Of course, we all know what happened next. After Sanford admitted to having an affair with a woman from Argentina, I wrote the following:

“Here was a Republican who could have easily taken the same career path of most Republicans, but instead spent much of his time fighting his own party, taking the GOP to task at both the state and national level for betraying its conservative principles. Sanford took the hard road, standing up for limited government when no one else would. He was decidedly an unconventional Republican for all the right reasons. And yet last week, by his own actions, Sanford ended up in the same sort of tawdry, sleazy, and politically predictable place typically reserved for less sincere, less principled, and simply, lesser men.”

There were many who lamented and criticized Sanford’s moral failings. But few, if any, doubted Sanford’s unshakable conservative political principles.
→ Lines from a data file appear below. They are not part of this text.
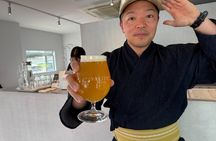 Samurai Guide Sho’s Craft Beer Tour with Ex JR Train Conductor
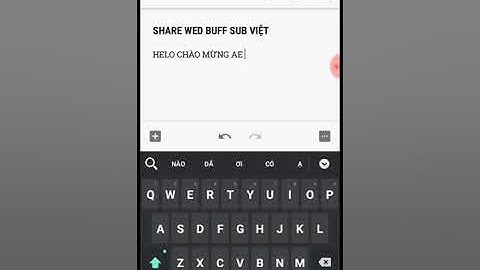 [TUT] SHARE WED BUFF SUB VIỆT 2018 | Lương Công Đô Official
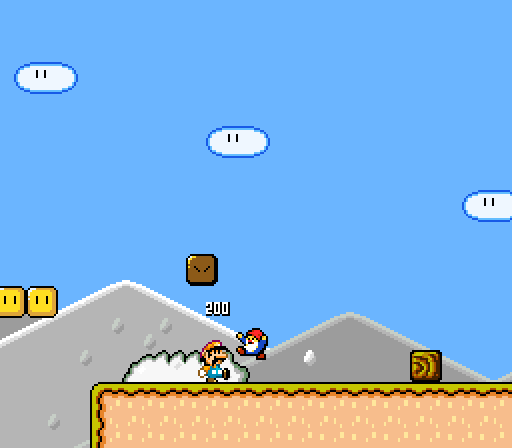 Mario’s Mystery Meat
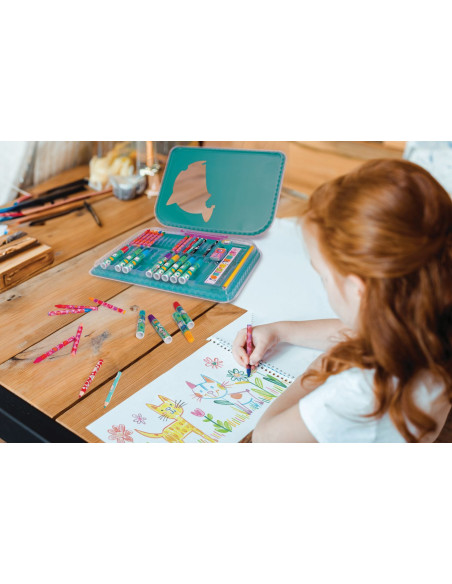 VV-1023-66233,Gentuta Pentru Desen Art Case Gabby Dollhouse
A few days before Christmas, reports began to emerge that Sanford might run for South Carolina’s 1st Congressional District to replace newly appointed Sen. Tim Scott in a special election. Sanford was immediately labeled the frontrunner — and rightfully so.

The potential reemergence of Sanford at this particular moment is significant for the Republican Party and the nation. If the Democrats are explicitly the party of higher taxes, debt, and economic ruin, the conventional GOP model has proven itself wholly ineffective when it comes to putting up roadblocks to thwart these efforts.

More often than not, as the fiscal cliff vote reminds us, Republicans have been complicit in our ongoing fiscal demise. Democrats and Republicans can both agree that our debt is our greatest threat. But every time they have the opportunity to do something about it, both parties simply agree to continue adding to that debt.

But there is a small resistance to this insanity, represented by most of the Republicans who voted against the fiscal cliff bill. Their philosophy is not complicated. In fact, it can be summed up in one word: No.

No to more taxes. No to more debt. No to more programs. When Democrats make excuses for why we need more government, real conservatives tell them no. When Republicans join Democrats in making excuses for more government, real conservatives tell them no.

Ronald Reagan’s favorite president Calvin Coolidge once said, “The greatest duty and opportunity of government is not to embark on any new ventures.” Barry Goldwater, Reagan’s political mentor and founder of the modern American conservative movement, wrote in 1960: “My aim is not to pass laws, but to repeal them. It is not to inaugurate new programs, but to cancel the old ones that do violence to the Constitution, or that have failed in their purpose, or that impose on the people an unwarranted financial burden.”

This is conservatism 101. What is needed more than anything else in Washington are real conservatives who understand what that term means and who have the ability to say “no” to more government. There are very few Republicans who understand this definition or have this ability.

But there are a few and they are needed — desperately. And Mark Sanford is one of them.